Anna Writes: Who and how and what to be

Anna WritesSo that’s National Adoption Week over for another year and I for one feel strangely flat about it all.



November 1st sees the start of National Adoption Month in the States and as with groups like The Open Nest over here, there are some trying to prioritise the voice of adoptees ( and #flipthescript are good ones to follow if you’re interested) but somehow… I still feel strangely flat about it all.

I have been trying to work out why this is- perhaps falling into that minority means that lots of things feel like an uphill struggle?
Perhaps being exposed constantly to media which reinforces old stereotypes about adoption feels negating?
Or maybe its because I live in a society that tells me I’m ‘normal’ in one breath- having assimilated into a family not of my origins- but yet ‘demanding’ and ‘traumatised’ and ‘difficult’ in another.

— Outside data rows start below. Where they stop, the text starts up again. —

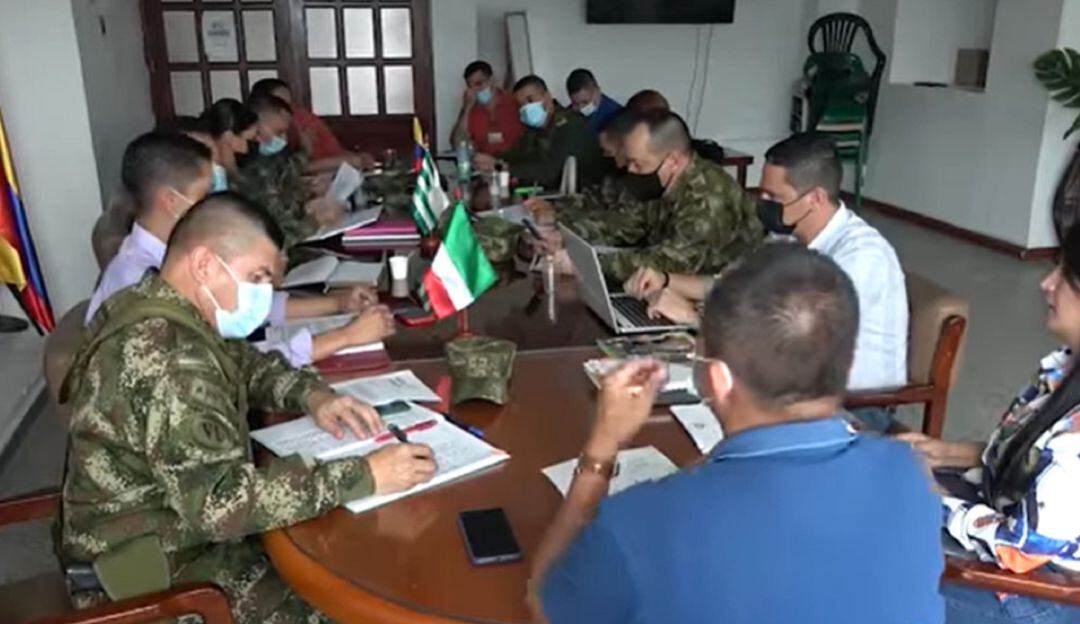 Por riesgo de atentados en Florencia, autoridades adoptan medidas en consejo de seguridad.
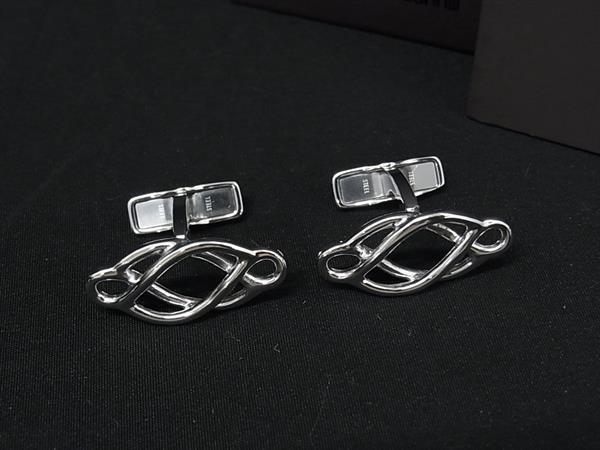 ■美品■ dunhill ダン吸血鬼 SV925 カフスリンク カフリンクス 商行為 成人男性 メンズ しろがね色系 HA1571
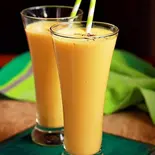 マンゴーラッシー Mango Lassi（ガネーシャガル 北野店）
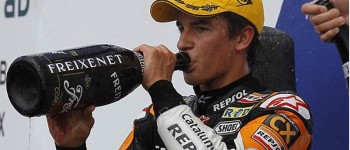 Márquez aún no piensa en Moto GP Márquez aún no piensa en Moto GP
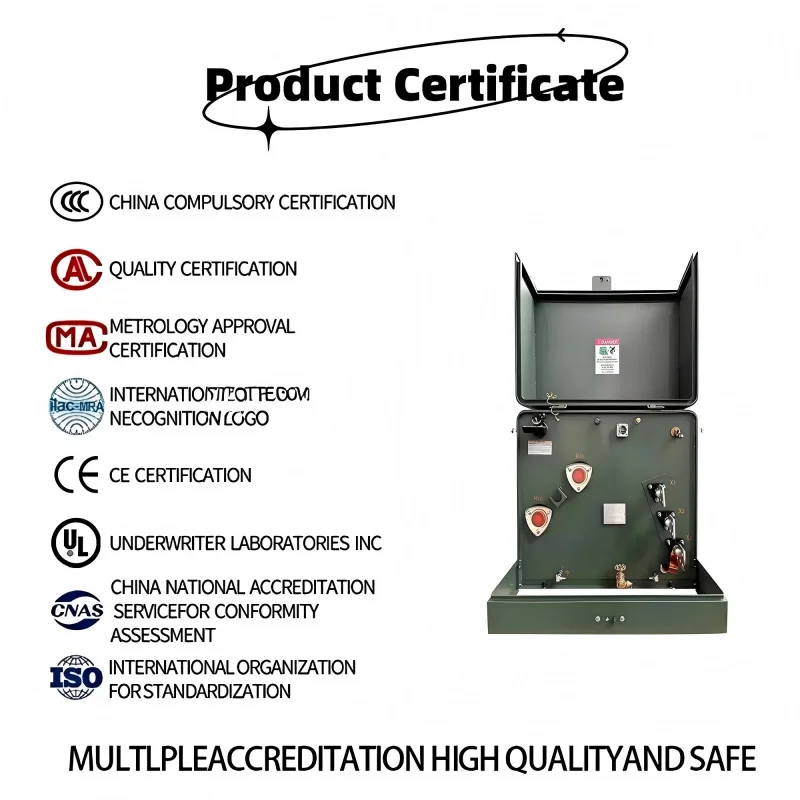 UL/CUL Certification 50/60HZ 10KV 20KV 35KV Pad Mounted 15KVA 15KV Single Phase Transformer For Electric Power Distribution
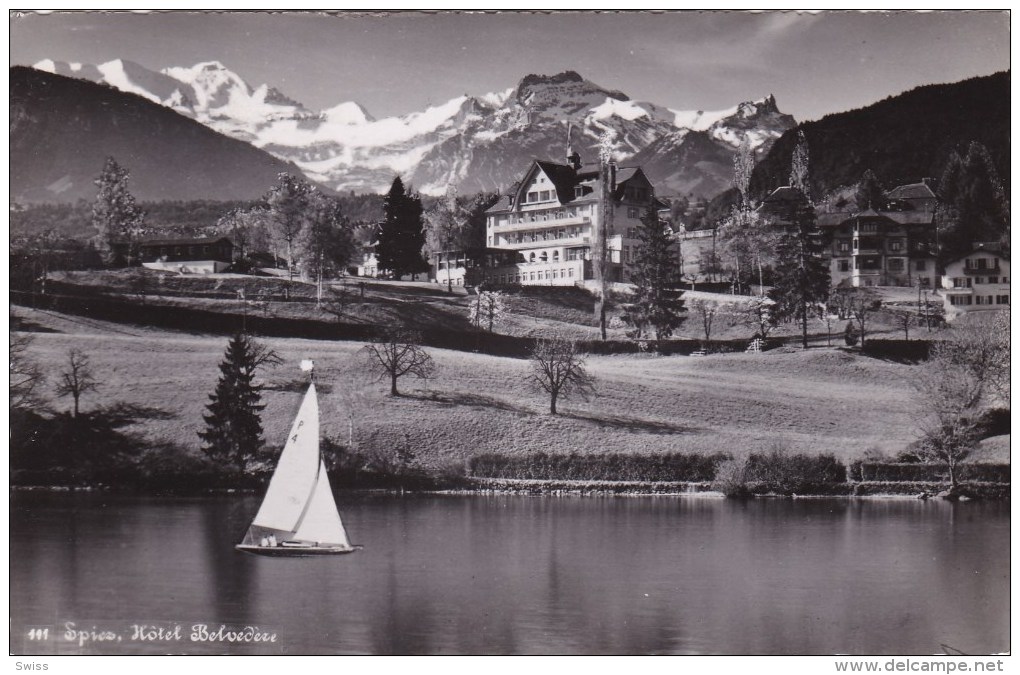 SPIEZ  HOTEL BELVÉDÉRE - Spiez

Sometimes it’s really hard to know who and how and what to be.

A lot of people have an opinion in how adopted people ‘should’ be- I’ve written about it before in the context of gratitude and other peoples expectations.
I have experienced it since making myself visible on social media, with suggestions that I am too old to have a ‘relevant’ view on adoption, or that I am somehow ‘opening old wounds’.

I don’t have an opinion on how other people should share their experiences, and I am a strong believer in people owning the things that have happened to them, sometimes that is the only way that their power can be redressed.

I have never considered myself defined by my adopted status- although if I did I don’t see that there would be a problem in that- what I do recognise- as lots of adopted people do- is that I am indelibly changed by the experience of having been adopted, the ‘sliding doors’ effect if you will.

I could have remained in my birth family, I could have been adopted by any number of other families, I could have been brought up in the care system. The possibilities are many. For non- adopted people (because is there a word for them? birth children? families of known origin? the norm?…) I suppose there aren’t all of those possibilities because they were born and kept.

Imagine being told you were a mistake, or an accident or that your mother had tried to abort you.
For me, being adopted is kind of like knowing all of those things, all at once. And that’s ok, because the flip side of that is that if I hadn’t been adopted I wouldn’t be where I am now – which is a pretty good place. I am fortunate and grateful for the family that I now have.

Being adopted has shaped me.

It has impacted my sense of self (including esteem and worth) ,my identity, my relationships, my personality, my interactions, my emotional resilience,my interests, my career, my parenting, my politics and my ability to watch films or programmes containing maternal separation (I think Bambi would destroy me!)

I wrote very early on about adoption running through me like the letters in seaside rock and that’s the only way I can define it. But it still doesn’t define all of me.